Her voice is warm in reverie, which makes my throat feel thick. Haymitch, quietly, says, "I know, sweetheart. I know."
"Will anyone clip my wings, Haymitch?" Her next questions stills us all in shock. My daughter frowns, hugging her arms close. "I don't want them to."
"No," Haymitch says after a moment. His voice is quiet, but grave. "I won't let them."
"Okay," my daughter is promptly reassured. "Thank you, Haymitch."
I'm still shaken from her words. They were the simple chatter of an otherwise occupied four-year old, but they still managed to unhinge me. Maybe, as Haymitch likes to remind me, it's my "raging hormones", or maybe I'm onto something. But the idea of my child's wings being clipped, the idea of her being in a world with limitations imposed upon her…it chills me to the bones. It is one of the reasons I agreed to have children. My children must live in the meadow of the song that still haunts my dreams. A world where no harm may come to them, a world where any dream of theirs can be made real. This is the world I shall present to my children. This is the world they must have. And I will do anything to keep it that way.
I watch my daughter giggle as she walks, chatters. So free of hurt, of bitterness. Fresh as a raindrop. I will protect that to the ends of the Earth. So will Peeta. And, as I have realized a long time ago, so will Haymitch. We're still a team, Haymitch, Peeta, and I. But instead of double deals and meaningless vows, we're working to protect my children.

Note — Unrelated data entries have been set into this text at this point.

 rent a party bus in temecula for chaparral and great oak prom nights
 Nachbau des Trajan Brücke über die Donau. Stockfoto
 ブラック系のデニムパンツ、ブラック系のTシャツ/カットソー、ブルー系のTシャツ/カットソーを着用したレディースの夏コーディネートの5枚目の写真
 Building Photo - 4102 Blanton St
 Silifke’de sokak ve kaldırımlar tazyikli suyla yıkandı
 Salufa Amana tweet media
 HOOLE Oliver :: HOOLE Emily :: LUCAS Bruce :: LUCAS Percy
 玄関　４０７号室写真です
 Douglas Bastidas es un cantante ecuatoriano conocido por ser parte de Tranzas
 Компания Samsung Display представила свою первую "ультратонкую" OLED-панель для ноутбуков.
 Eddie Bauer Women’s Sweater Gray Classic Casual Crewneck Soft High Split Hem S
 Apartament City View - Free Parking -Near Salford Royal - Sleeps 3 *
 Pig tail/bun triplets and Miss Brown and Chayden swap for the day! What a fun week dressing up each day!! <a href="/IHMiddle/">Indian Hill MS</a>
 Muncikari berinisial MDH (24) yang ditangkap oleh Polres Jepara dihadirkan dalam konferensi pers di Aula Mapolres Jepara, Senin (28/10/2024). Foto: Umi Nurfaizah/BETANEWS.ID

It is an unspoken agreement with no deceptions. And for that, I am endlessly grateful.
Haymitch finally spots us in the porch and scowls. He comes to an abrupt stop and the geese, along with my daughter, collide with his legs. The geese start up a confused honking. "What's so funny, sweetheart?" Haymitch growls at me.
I realize I have calmed myself enough to be smiling at the befuddled geese around his legs. I am about to retort, but Peeta speaks over me with a "Nothing, Haymitch."
"Stay here," he tells the birds. "Not you," he says to my daughter, scooping her up. She climbs to his shoulder, taking fistfuls of his gray hair to keep from falling off. The two make their way up the porch stairs, one beaming, one scowling, and my smile only gets wider.
"Consider keeping the kid inside the house," Haymitch says as he hands my daughter to Peeta. "Maybe she'll understand the meaning of 'no visits before 5 PM'."
"Aw, come on, now, Haymitch," Peeta says gently, "She's only curious."
"About the state of the drainpipes?" Haymitch asks doubtfully.
"She's enquiring, that's her nature." I find myself scowling. "Stop acting like it's a bad thing."
Haymitch turns to me, his scowl bigger than mine. "I have enough trouble from you, sweetheart." He hisses, "Don't add to my plight. And you," he jabs a finger towards my stomach, "you stay in there as long as you like." And with that he turns on his boots, trudging down our stairs.
"See you tomorrow, Haymitch!" My daughter waves cheerfully.
Haymitch sighs, turning his head. "Only if you bring me a drink," he drawls tiredly. Then, so quick I barely catch it, he grins at my daughter, shooting a wink her way. His face snaps back into its scowl, and he treads away, the geese following in a hurried gaggle after him. I watch him walk down the path, soon disappearing behind a barricade of shrubbery.
My daughter promptly inquires, "Does he want apple juice or milk?"